(Scraped caption text data)
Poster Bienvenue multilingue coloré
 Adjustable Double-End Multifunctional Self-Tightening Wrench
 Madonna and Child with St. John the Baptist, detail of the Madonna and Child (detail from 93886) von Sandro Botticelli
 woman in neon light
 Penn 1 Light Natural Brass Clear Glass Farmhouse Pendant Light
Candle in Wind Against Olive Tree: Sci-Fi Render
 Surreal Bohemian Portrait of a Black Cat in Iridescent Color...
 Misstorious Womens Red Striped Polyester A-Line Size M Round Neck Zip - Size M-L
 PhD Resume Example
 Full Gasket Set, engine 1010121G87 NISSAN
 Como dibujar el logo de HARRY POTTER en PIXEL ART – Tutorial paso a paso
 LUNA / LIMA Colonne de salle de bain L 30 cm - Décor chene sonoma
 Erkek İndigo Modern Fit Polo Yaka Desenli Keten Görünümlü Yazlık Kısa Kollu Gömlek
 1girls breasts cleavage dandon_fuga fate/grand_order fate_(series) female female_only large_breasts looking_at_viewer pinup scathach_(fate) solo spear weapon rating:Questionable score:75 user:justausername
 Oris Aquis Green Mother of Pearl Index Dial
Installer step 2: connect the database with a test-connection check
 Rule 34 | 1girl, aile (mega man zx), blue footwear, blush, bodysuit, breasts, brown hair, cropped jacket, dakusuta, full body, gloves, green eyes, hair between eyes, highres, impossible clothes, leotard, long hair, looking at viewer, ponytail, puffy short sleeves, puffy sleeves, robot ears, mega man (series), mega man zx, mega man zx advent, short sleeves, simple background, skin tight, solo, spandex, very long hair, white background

WORK INSTRUCTIONS:
Please extract exactly, and only, the lines from the line containing "woman in neon light" through the last line of the records.

COMPLETED TASK:
 woman in neon light
 Penn 1 Light Natural Brass Clear Glass Farmhouse Pendant Light
Candle in Wind Against Olive Tree: Sci-Fi Render
 Surreal Bohemian Portrait of a Black Cat in Iridescent Color...
 Misstorious Womens Red Striped Polyester A-Line Size M Round Neck Zip - Size M-L
 PhD Resume Example
 Full Gasket Set, engine 1010121G87 NISSAN
 Como dibujar el logo de HARRY POTTER en PIXEL ART – Tutorial paso a paso
 LUNA / LIMA Colonne de salle de bain L 30 cm - Décor chene sonoma
 Erkek İndigo Modern Fit Polo Yaka Desenli Keten Görünümlü Yazlık Kısa Kollu Gömlek
 1girls breasts cleavage dandon_fuga fate/grand_order fate_(series) female female_only large_breasts looking_at_viewer pinup scathach_(fate) solo spear weapon rating:Questionable score:75 user:justausername
 Oris Aquis Green Mother of Pearl Index Dial
Installer step 2: connect the database with a test-connection check
 Rule 34 | 1girl, aile (mega man zx), blue footwear, blush, bodysuit, breasts, brown hair, cropped jacket, dakusuta, full body, gloves, green eyes, hair between eyes, highres, impossible clothes, leotard, long hair, looking at viewer, ponytail, puffy short sleeves, puffy sleeves, robot ears, mega man (series), mega man zx, mega man zx advent, short sleeves, simple background, skin tight, solo, spandex, very long hair, white background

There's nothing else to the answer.